Aim of the task:
Drop the pictures and repeat exactly from the "NFL Dallas Cowboys" line down to the last line of the entries below.

Dataset:
▬▬▬▬▬▬

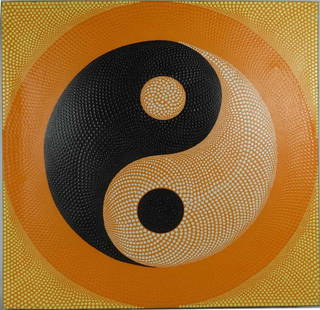 PETER SEDGLEY 'YIN/YANG' ACRYLIC ON CANVAS: Acrylic painting on canvas depicting a Yin Yang in the manner of Peter Sedgley (British, b. 1930). Signed to verso and dated 1966. Measures 31 1/2" x 31 1/4".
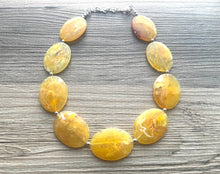 Load image into Gallery viewer, Sunny Yellow Chunky Statement Necklace, Big beaded jewelry, single strand Statement Necklace, chunky marigold bib jewelry earrings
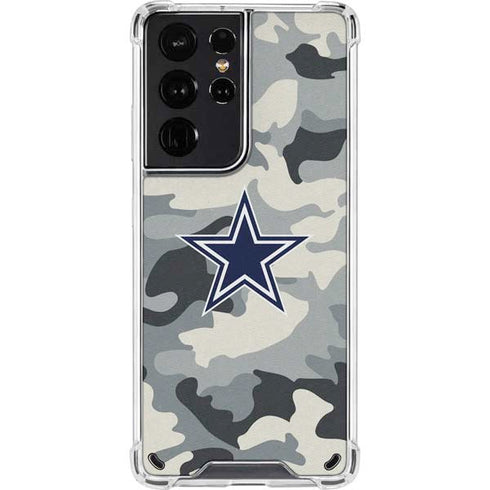 NFL Dallas Cowboys Camo Galaxy S21 Ultra 5G Clear Case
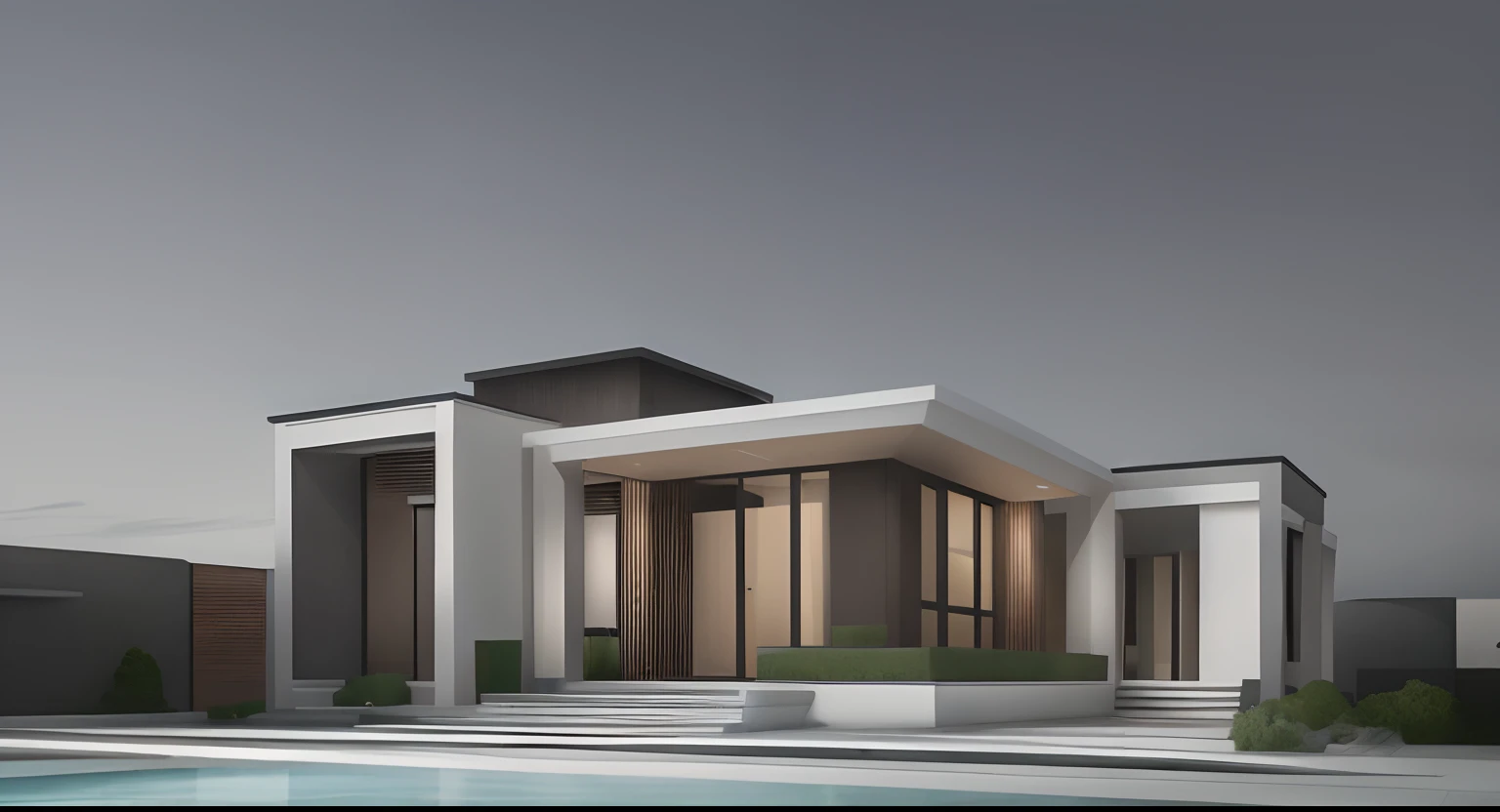 a view of a modern home with a large front yard, main material by white wall and stone and wood, 1 road runs in front of the house, (RAW photo, real, best quality, masterpiece:1.2), look morden minimalist, 1 road in front of the house, shime ring light, light brighteness from indoor:1.2, dynamic lighting:1.3, (hyper realistic, photo-realistic:1.2), high quality, day lighht, hight contrast :0.5 perfect lighting, archdaily, award winning contemporary, contemporary masterpiece, well-designed masterpiece, large modern residence, neotraditional modern, wide angle exterior 2022, midcentury modern, contemporary house, hip modern vibe, a long-shot from front, award winning modern design, stunning lines, residential, subtle detailing, more tree , gaden,(( super car ))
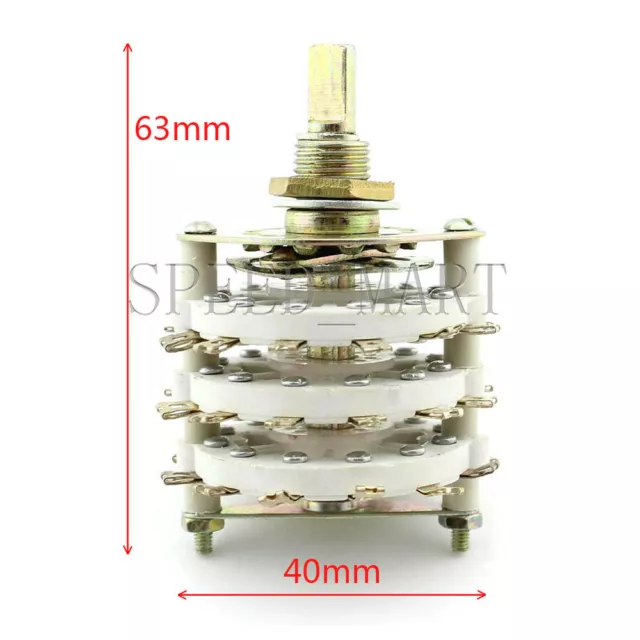 High-power Ceramic Rotary Switch 3 pole 11 position for change voice frequency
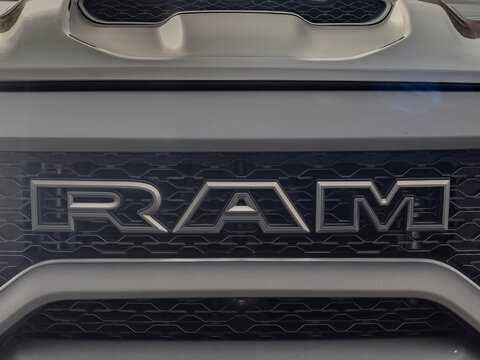 Yerevan, Armenia, March 12, 2023: Dodge Ram Off-road car. Ram logo. Powerful american pickup Dodge Ram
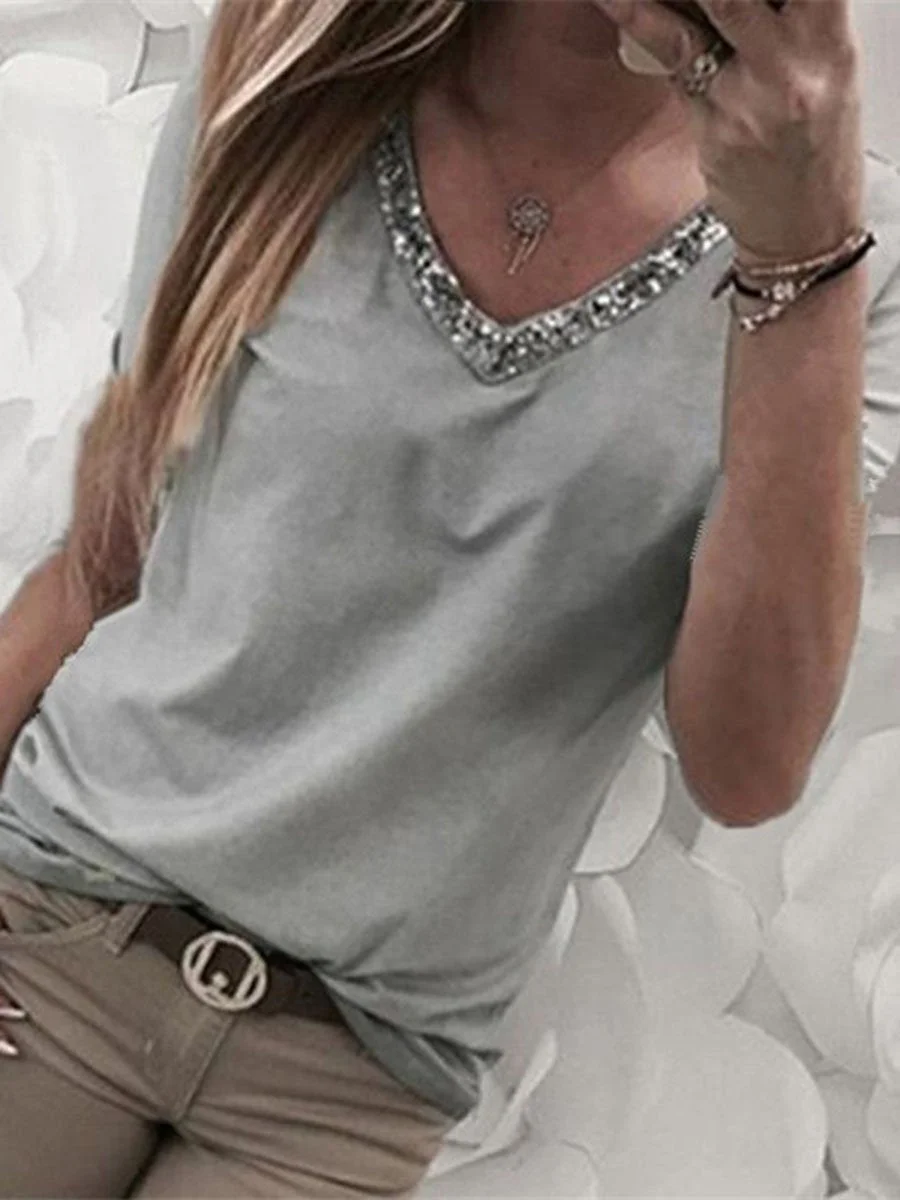 V-Neck Short Sleeves T-shirt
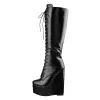 Round Toe Wedge Heel Lace Up Zip Knee High Boots sold by Onlymaker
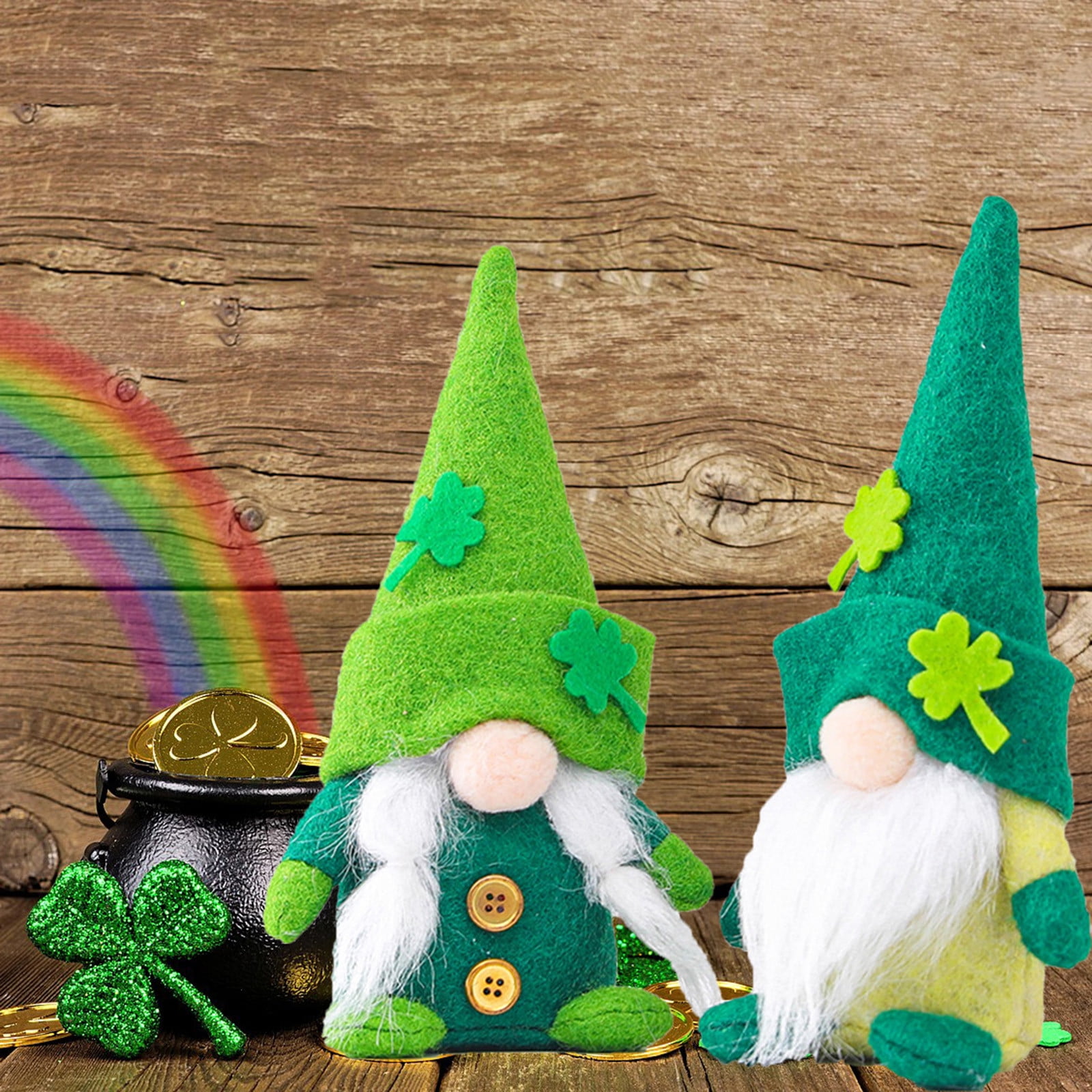 AaSFJEG Home Decor 2024 2PC St. Patrick's Day Green Hat Doll Elderly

▬▬▬▬▬▬

Expected answer:
 NFL Dallas Cowboys Camo Galaxy S21 Ultra 5G Clear Case
 a view of a modern home with a large front yard, main material by white wall and stone and wood, 1 road runs in front of the house, (RAW photo, real, best quality, masterpiece:1.2), look morden minimalist, 1 road in front of the house, shime ring light, light brighteness from indoor:1.2, dynamic lighting:1.3, (hyper realistic, photo-realistic:1.2), high quality, day lighht, hight contrast :0.5 perfect lighting, archdaily, award winning contemporary, contemporary masterpiece, well-designed masterpiece, large modern residence, neotraditional modern, wide angle exterior 2022, midcentury modern, contemporary house, hip modern vibe, a long-shot from front, award winning modern design, stunning lines, residential, subtle detailing, more tree , gaden,(( super car ))
 High-power Ceramic Rotary Switch 3 pole 11 position for change voice frequency
 Yerevan, Armenia, March 12, 2023: Dodge Ram Off-road car. Ram logo. Powerful american pickup Dodge Ram
 V-Neck Short Sleeves T-shirt
 Round Toe Wedge Heel Lace Up Zip Knee High Boots sold by Onlymaker
 AaSFJEG Home Decor 2024 2PC St. Patrick's Day Green Hat Doll Elderly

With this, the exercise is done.